┌──
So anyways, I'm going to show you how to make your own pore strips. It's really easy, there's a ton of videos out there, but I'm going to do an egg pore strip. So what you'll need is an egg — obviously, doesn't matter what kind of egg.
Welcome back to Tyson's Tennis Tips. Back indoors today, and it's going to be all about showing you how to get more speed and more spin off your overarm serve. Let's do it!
└──
┌──
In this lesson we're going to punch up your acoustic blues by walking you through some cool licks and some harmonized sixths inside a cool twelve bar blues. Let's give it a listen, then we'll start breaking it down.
└──
-- Work task --
When the line with "So anyways, I'm" is reached in the data above, start copying there, and copy each line exactly until the line with "Welcome back to" has been copied; copy nothing else.

-- Solution --
So anyways, I'm going to show you how to make your own pore strips. It's really easy, there's a ton of videos out there, but I'm going to do an egg pore strip. So what you'll need is an egg — obviously, doesn't matter what kind of egg.
Welcome back to Tyson's Tennis Tips. Back indoors today, and it's going to be all about showing you how to get more speed and more spin off your overarm serve. Let's do it!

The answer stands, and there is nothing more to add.